The Biur Halacha states that if a visitor went on a weekday, then he may also go visit the sick on Shabbat, but the poskim didn't favor the idea of a person visiting only on Shabbat. While there might be differences between this case and the question of praying on Shabbat where people gather due to available time, it is apparent that one should not initiate such an event exclusively for Shabbat.


Praying For the Sick.

One should refrain from praying on Shabbat for the sick and the wounded victims of war and terrorist attacks. Instead, it is recommended to mention them briefly and say(שלחן ערוך סימן רפז) : "It is Shabbat, when it is forbidden to cry out; healing will surely come soon, for His mercies are abundant; rest on Shabbat in tranquility." The Rema advises to omit the words: "His mercies are abundant." However, the above guidance is specifically for those who are minorly sick(מגן אברהם סימן רפח סעיף יד) . For those who are in life-threatening danger, we are allowed to pray for them on Shabbat since it is urgent.

Some poskim(רש״ז אורבעך בשלחן שלמה ערכי רפואה ח״ב עמוד רלד)  permit saying Tehilim for the sick even if they aren't in life-threatening danger, as long as it's done privately and not in public.

Also, it's permitted to say Tehilim for the sick in a way that it's not visibly evident that it's said for the sick. For example, just reciting Tehilim without specifically mentioning what it's for and without emphasizing it.
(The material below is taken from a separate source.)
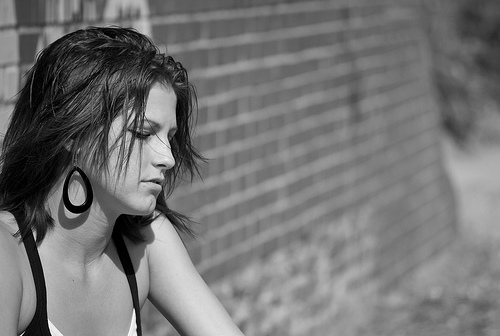 Female model photo shoot of Nikki Williams X by Thompson Ent Group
This way, it appears as if the person is simply saying Tehilim without a special reason(רש״ז אורבעך בהליכות שלמה תפלה פי״ד בדבר הלכה יט ושו״ת תשובות והנהגות ח״ג סימן צ) .


Crying on Shabbat.

Although Shabbat is a day of joy and we are commanded to celebrate it as such, one who feels very sad due to the serious situation we are faced with may cry on Shabbat to relieve his pain(רמ״א סימן רפח) . The Taz(סק״ב) , on the other hand, says that the only crying permitted on Shabbat is the crying of a person who feels very close to Hashem, and therefore he cries an emotional cry, not a sad cry, similar to the way the great sage Rabbi Akiva cried every time he recited Shir HaShirim (זוהר חדש) as he understood the high spiritual level it reached.